Heading to Sheetz last week, I walked past three little girls, who were probably 8 years old, selling Girl Scout cookies.
The girls were standing outside trying to get some business. Walking toward them I could see there was hope in their eyes, because they knew if they sold 200 boxes they could get a cool stuffed animal or money for a troop trip.
I told the girls I would get some on the way back with the full intention of buying a box of cookies. Waiting on my food, I was reminiscing on the time 12 years ago I was in the same position.
I was selling cookies at a table in my local grocery store with homemade signs, my brown vest covered in patches and an old decorated pretzel container we used as a cash jar.
I got my sub and was headed back their way and the girls jumped with joy when I returned. They shot me a pleasant little smile and politely asked me with their sweet voices if I wanted to buy cookies.
I bought a box of the tagalongs, and to my surprise, the box looked the same as I remembered. On the front was a picture of a red-headed girl with a kayak.
The photo looked like it was taken in the 1980s. However, it seems this imagery was the only thing that had stayed constant since my days in a troop.
When I asked how much a box was the little girl told me it was $5. When I was selling cookies I remember each box being $3.50.
Then I opened the box of cookies and saw that there were only 14 in the box. I recall the tagalongs being thicker and having more peanut butter, but that was not the case.
After a little research, I discovered that 75 percent of the earnings goes to the Girl Scout National Council and only 10 percent of that fraction goes to the individual Girl Scout troop.
The remaining 25 percent goes to the bakeries, which use a dollar and some change to make a box.
If they are expensive, why do we even buy them?
Everyone loves Girl Scout cookies, but the same exact products are made by the Keebler Co.
You could get four times as many cookies for the same price, but there is an elf on the package instead of the girl in the kayak.
We do not buy Girl Scout cookies because they are amazing. We could go to any supermarket and buy the same product for cheaper if we really wanted to.
We buy them because it makes the girls happy, and it allows them to work hard for something, and we cannot say no.
After all, kids are the future of our world. Playing to their strengths and using their cuteness to their advantage will just make them successful little business women.
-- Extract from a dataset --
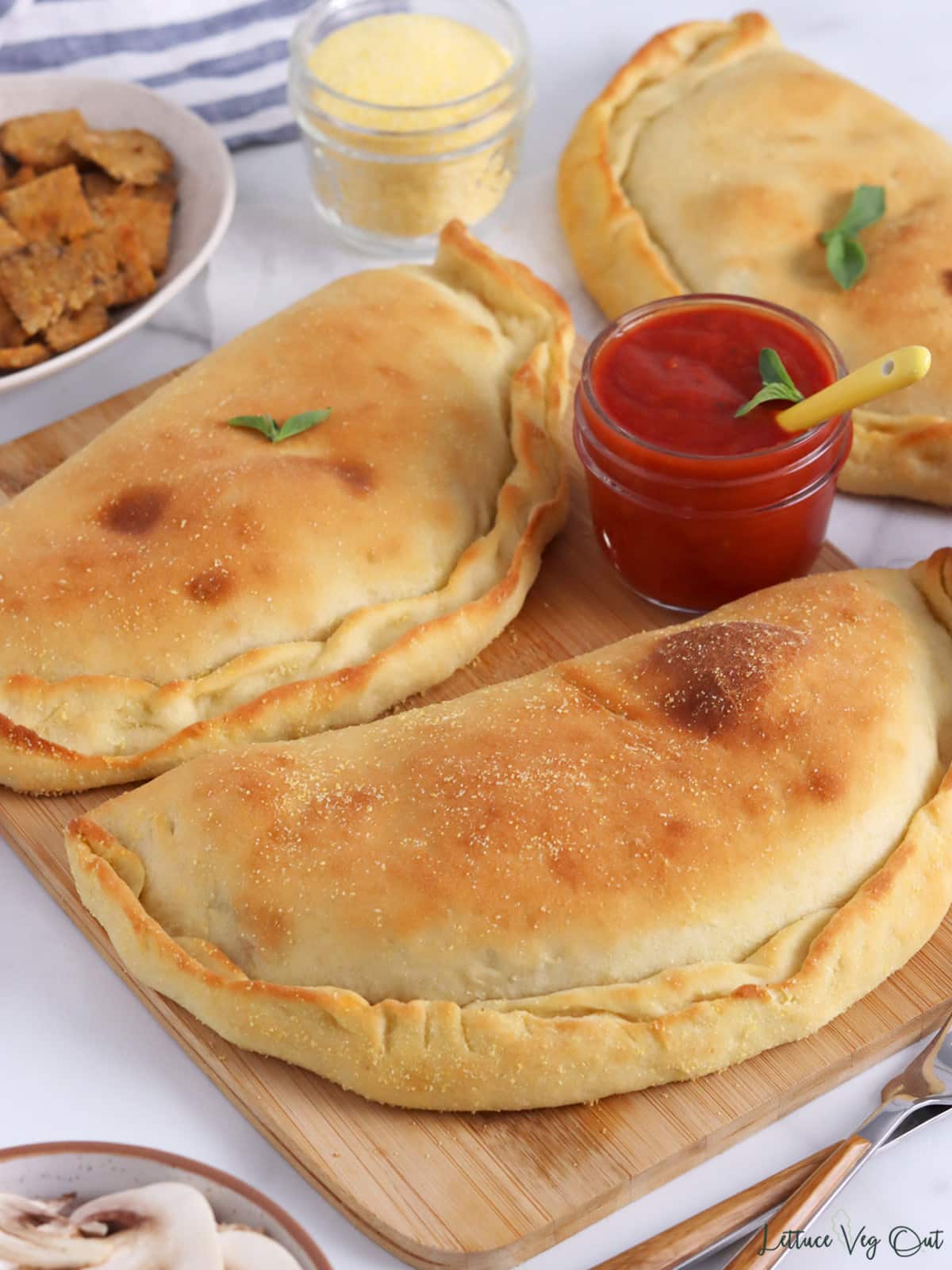 Two baked calzones on a wood board with dishes of ingredients around (tempeh, mushrooms, cornmeal, pizza sauce).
However, my research made me wonder what the Girl Scout Council does with 65 percent of the profits made from the cookies.
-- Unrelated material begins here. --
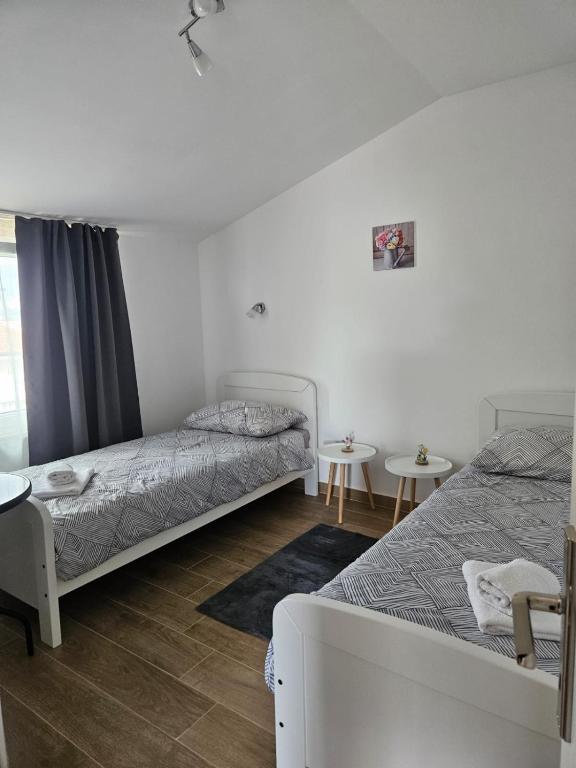 a bedroom with two beds and two tables at Apartman Tamaris in Vir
When I was young and invested in selling cookies, my sister and I sold about 400 boxes.
That would have been $2,000 today, and $1,300 of that would go to the council. Only $200 would go to the troop. What is all that council money used for?
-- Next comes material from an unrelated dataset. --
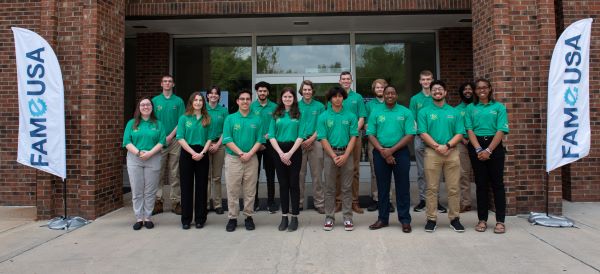 Sixteen of the 20 students in the inaugural class of the North Carolina Federation for Advanced Manufacturing Education (NC FAME) The First in Flight Chapter, pose in front of the Koury Hospitality Careers building on GTCC's campus.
After even more research I found that out the 2016 CEO of the Girl Scouts, Anna Maria Chavez, made an annual salary of $393,380 after only making $104,000 as head of the Girl Scout council of Texas. What I could not find was where the funding for her salary comes from, but my guess would be cookie sales.
If that is the case, these 8-year-old girls have to sell 121,040 boxes of cookies yearly just to pay her salary as CEO. How is that right?
Now that seems insane that there are 200 million boxes of cookies sold a year, and revenue for girl scouts is at $700 million. There are more than 100 councils across America with leaders being paid over $100,000 salaries.
The CEO makes $393,380, yet the little girls who work their butts off selling cookies get so little of that.
Who cares that the cookies are $5 because we only buy them for the kids. However, if they’re going to be that expensive, a higher percentage of that should be for the kids. After all, we buy cookies for the benefit of the kids, not for the organization.